<<<<
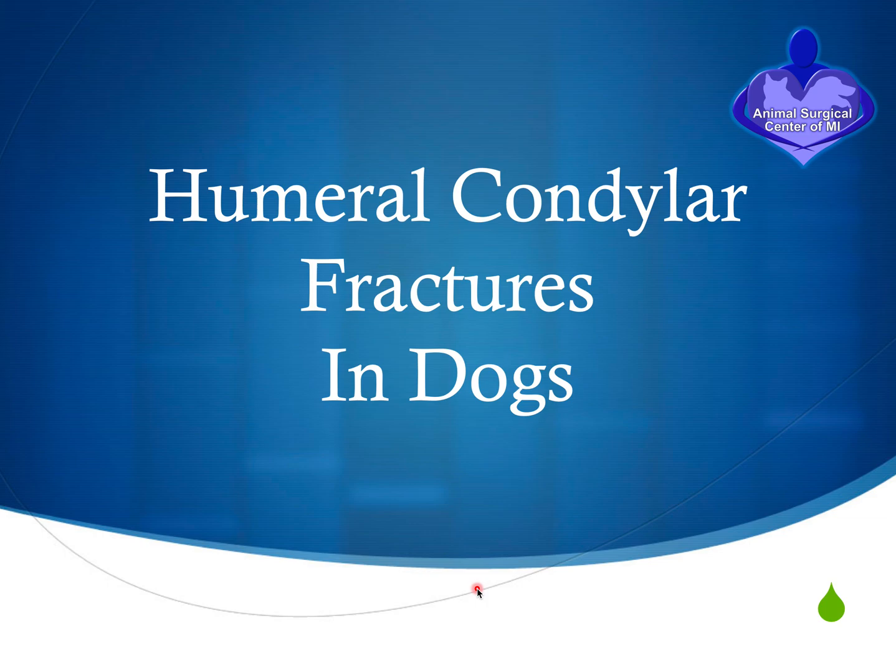During this presentation, I'm going to talk to you about humeral condylar fractures in the dog.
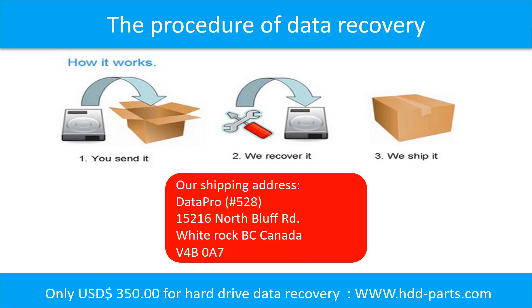This picture shows the procedure of how we do data recovery for our clients. First, the client sends their hard drive to us. Second, we do the recovery. Third, we ship the data back to our clients.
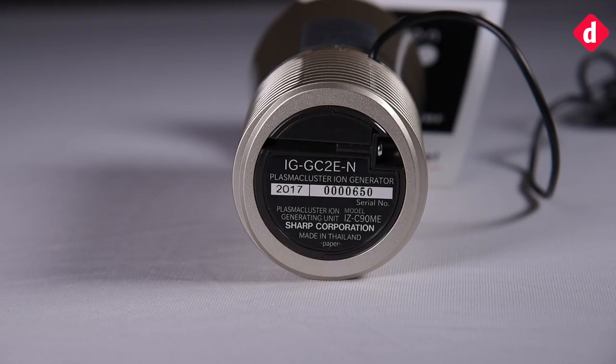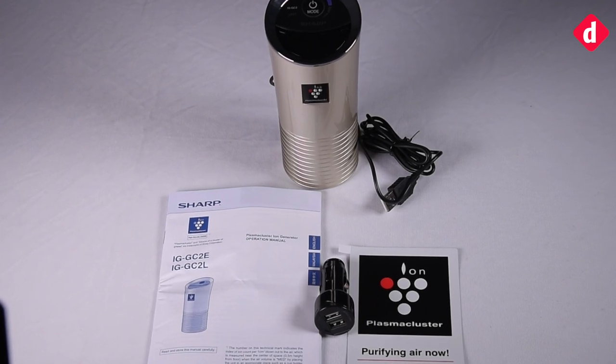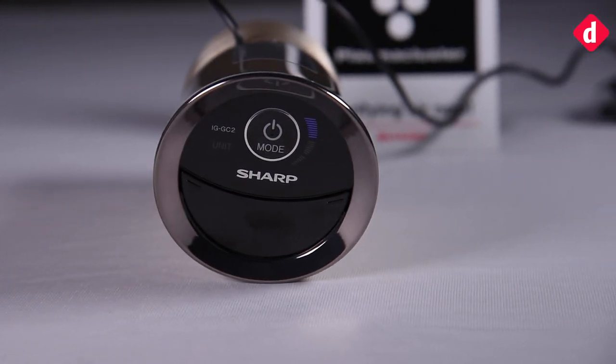One downside of the purifier is the absence of a battery inside, which means that you need to have it plugged in to operate. The box includes a USB car adapter with two ports so that you can have one extra port to connect your mobile device. By the way, this can pretty much act as a desk air purifier as well.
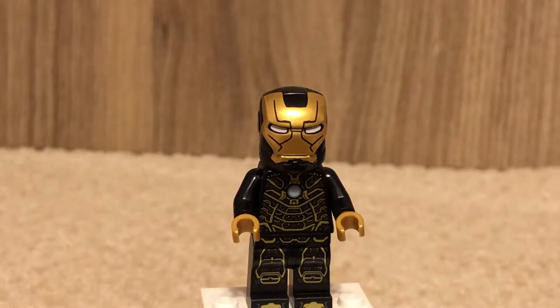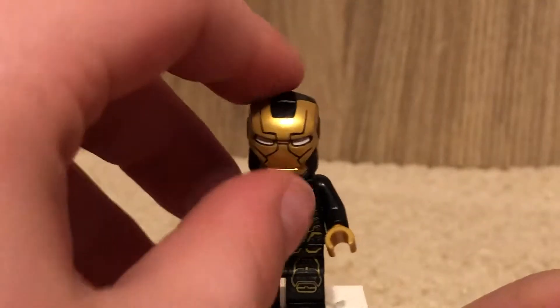I like this one too. I think they put more detail into it. I personally like this better than the Mark 1, but I think the Mark 5 is way better though. I like the sleek black design.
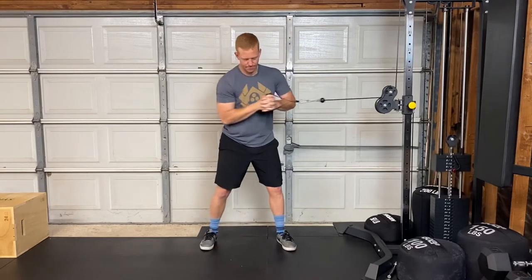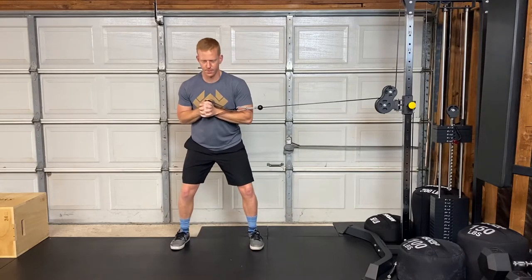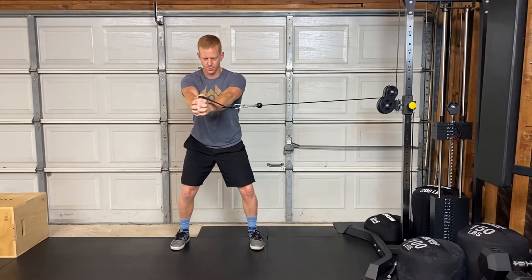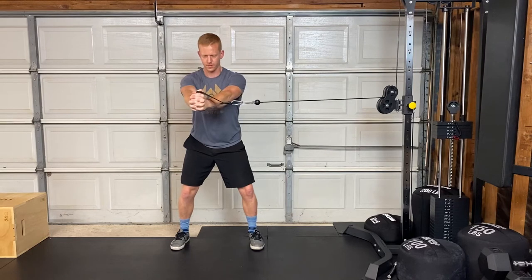You're going to want to set the cable to just under your shoulder height. Step out to the side, and then when you press the handle forward with both hands, it should make about a 90 degree angle between your arms and the cable.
>>>>
◆ Aim of the exercise ◆
Without changing a word, retype the data above and omit its pictures.

◆ Solution for this exercise ◆
During this presentation, I'm going to talk to you about humeral condylar fractures in the dog.
This picture shows the procedure of how we do data recovery for our clients. First, the client sends their hard drive to us. Second, we do the recovery. Third, we ship the data back to our clients.
One downside of the purifier is the absence of a battery inside, which means that you need to have it plugged in to operate. The box includes a USB car adapter with two ports so that you can have one extra port to connect your mobile device. By the way, this can pretty much act as a desk air purifier as well.
I like this one too. I think they put more detail into it. I personally like this better than the Mark 1, but I think the Mark 5 is way better though. I like the sleek black design.
You're going to want to set the cable to just under your shoulder height. Step out to the side, and then when you press the handle forward with both hands, it should make about a 90 degree angle between your arms and the cable.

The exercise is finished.